Please repeat exactly the lines from the one containing "Boeing 757-200 (N446UP)" through the last line of the records below, leaving out any pictures.

• [Supplied records]:
━━━━━━━━━━━━━━━━━━━━━━━━━━━━━━
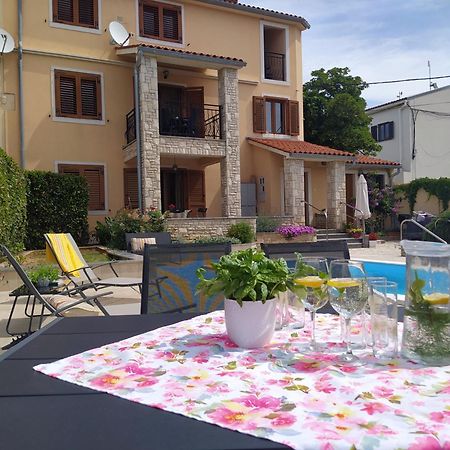 Villa Krasa Sea View Apartmants With Pool Лижнян Экстерьер фото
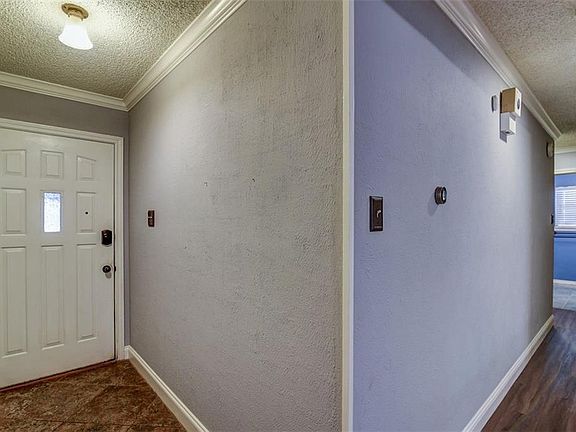 4th image of 3806 Mahonia Ct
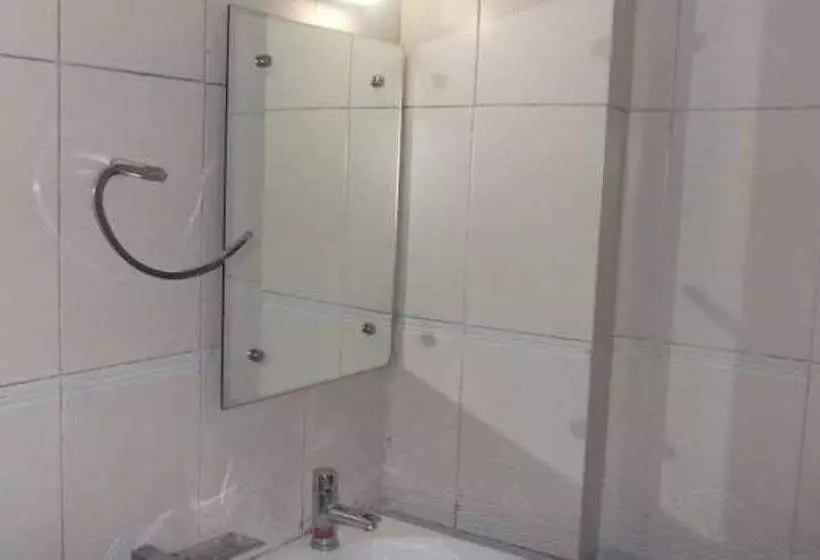 Hotelli Rajshree Lodging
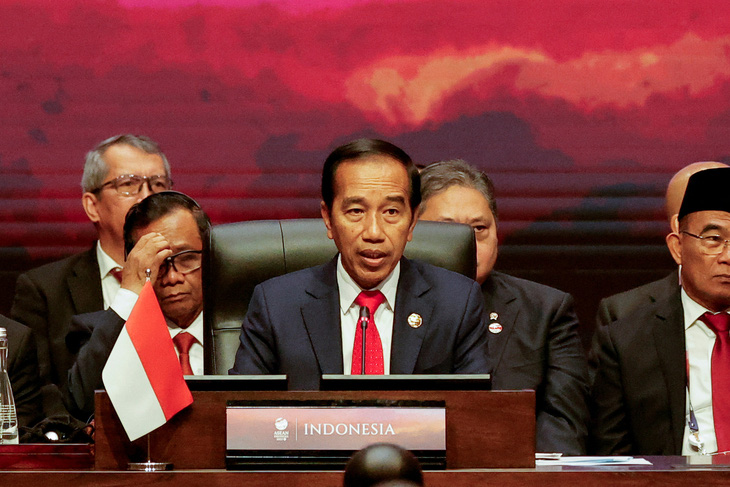 Tổng thống Indonesia Joko Widodo phát biểu tại phiên họp toàn thể Hội nghị Cấp cao ASEAN lần thứ 43, tổ chức ở Jakarta (Indonesia) ngày 5-9 - Ảnh: REUTERS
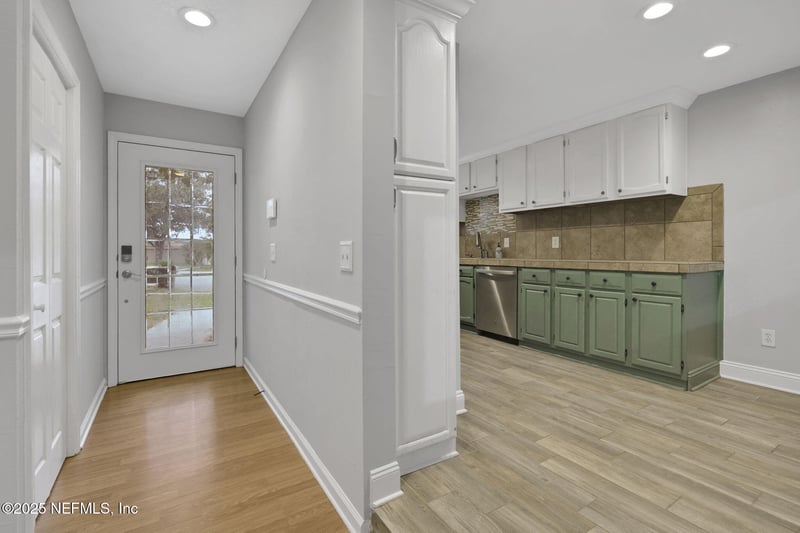 3452 Ride Ct, Jacksonville, FL 32223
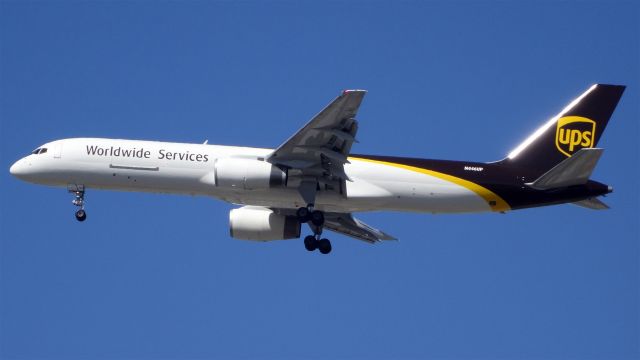 Boeing 757-200 (N446UP) - N446UP United Parcel Service (UPS) Boeing 757-200PF - cn 27735 / ln 649br /First Flight * Nov 1994br /Age 20.6 Yearsbr /18-Jun-2015 B752/Z Des Moines Intl (KDSM) San Jose Intl (KSJC) 15:03 CDT 16:24 PDT 3:21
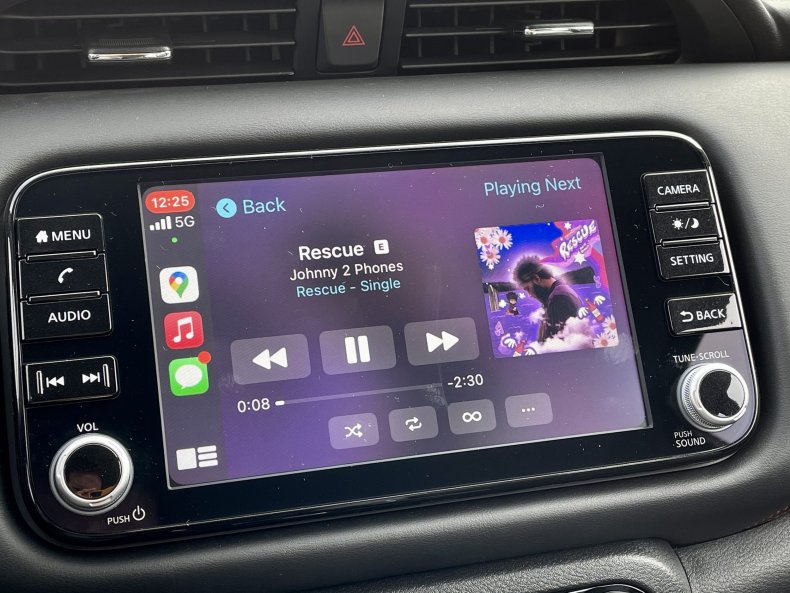 2021 Nissan Kicks Review First Drive infotainment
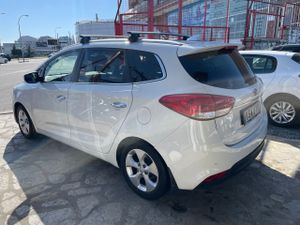 Kia Carens 1.7 CRDi VGT 141 CV x-Tech 5 plazas  - Foto 6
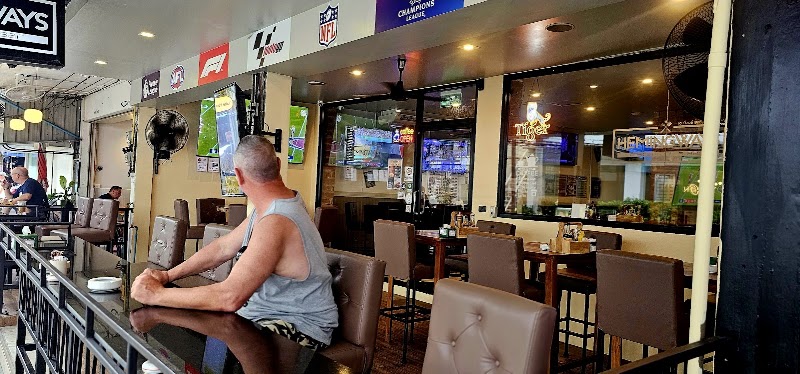 Hemingways (Pattaya) Sportsbar Restaurant, Pattaya Sai Song (3rd Road)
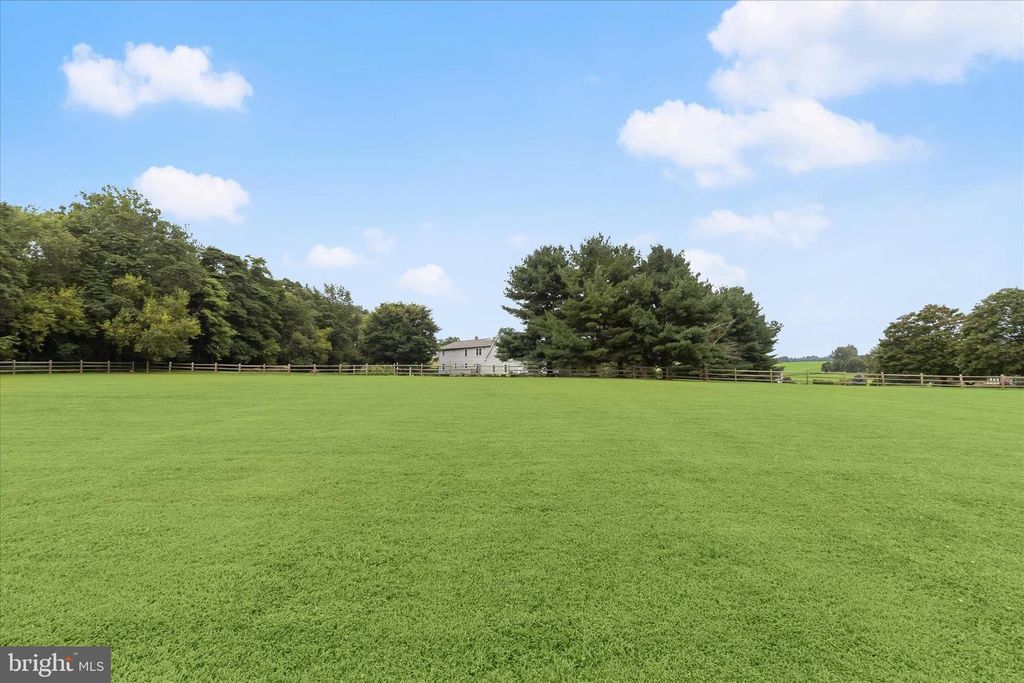 Image 72 of property listing at 16645 FREDERICK RD, Mount Airy, MD 21771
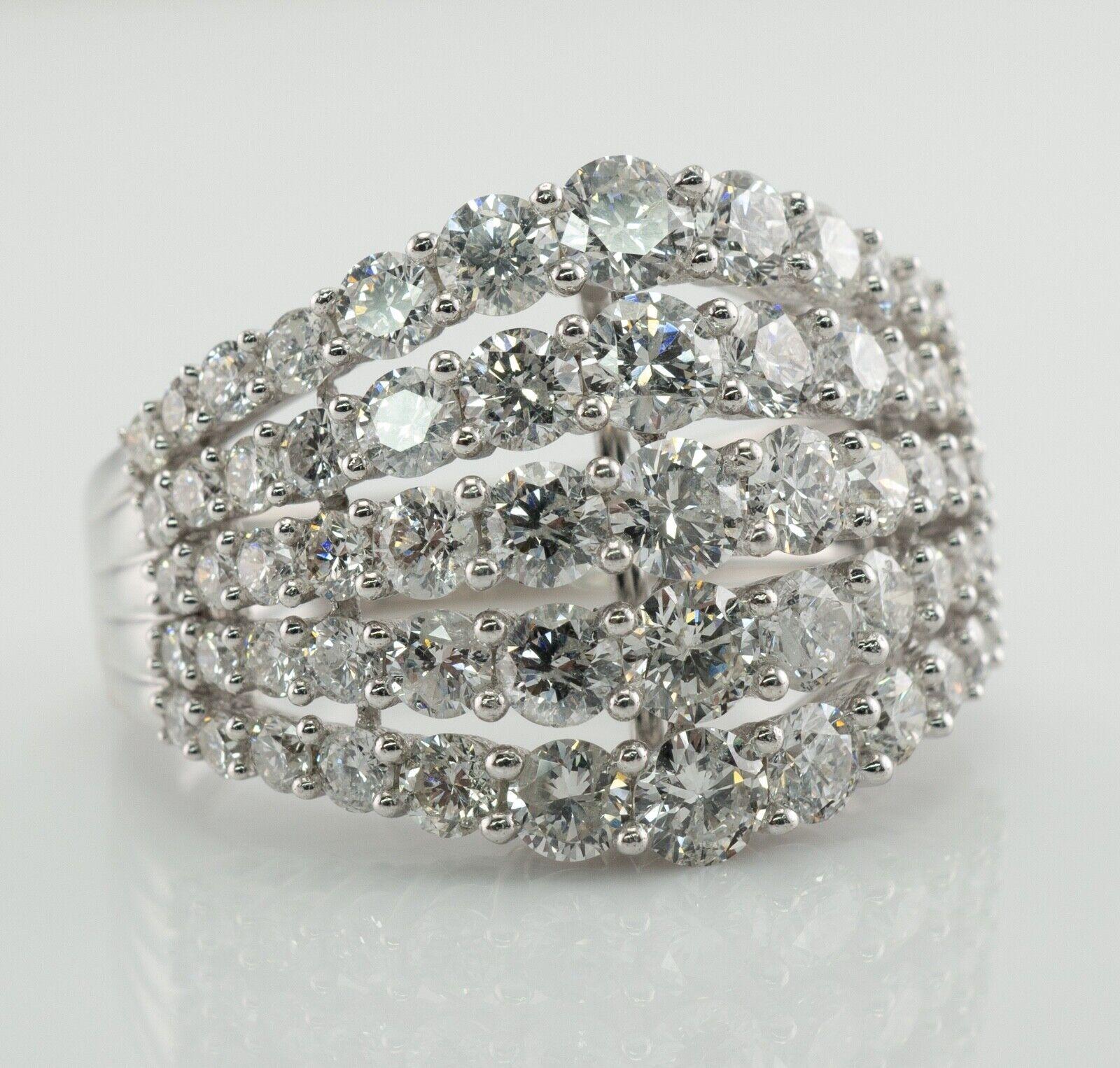 Anello con diamante a fascia in oro bianco 14K 3,00cts TDW Cluster in vendita 2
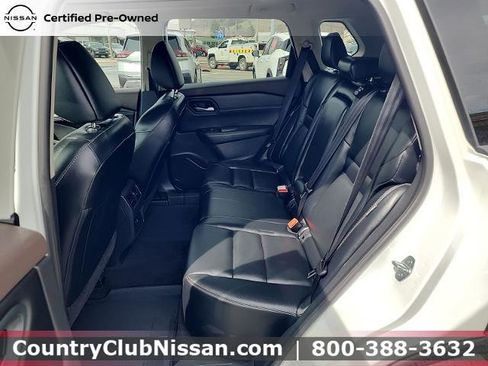 Certified 2023 Nissan Rogue SL image 25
━━━━━━━━━━━━━━━━━━━━━━━━━━━━━━
• [Response to this task]:
 Boeing 757-200 (N446UP) - N446UP United Parcel Service (UPS) Boeing 757-200PF - cn 27735 / ln 649br /First Flight * Nov 1994br /Age 20.6 Yearsbr /18-Jun-2015 B752/Z Des Moines Intl (KDSM) San Jose Intl (KSJC) 15:03 CDT 16:24 PDT 3:21
 2021 Nissan Kicks Review First Drive infotainment
 Kia Carens 1.7 CRDi VGT 141 CV x-Tech 5 plazas  - Foto 6
 Hemingways (Pattaya) Sportsbar Restaurant, Pattaya Sai Song (3rd Road)
 Image 72 of property listing at 16645 FREDERICK RD, Mount Airy, MD 21771
 Anello con diamante a fascia in oro bianco 14K 3,00cts TDW Cluster in vendita 2
 Certified 2023 Nissan Rogue SL image 25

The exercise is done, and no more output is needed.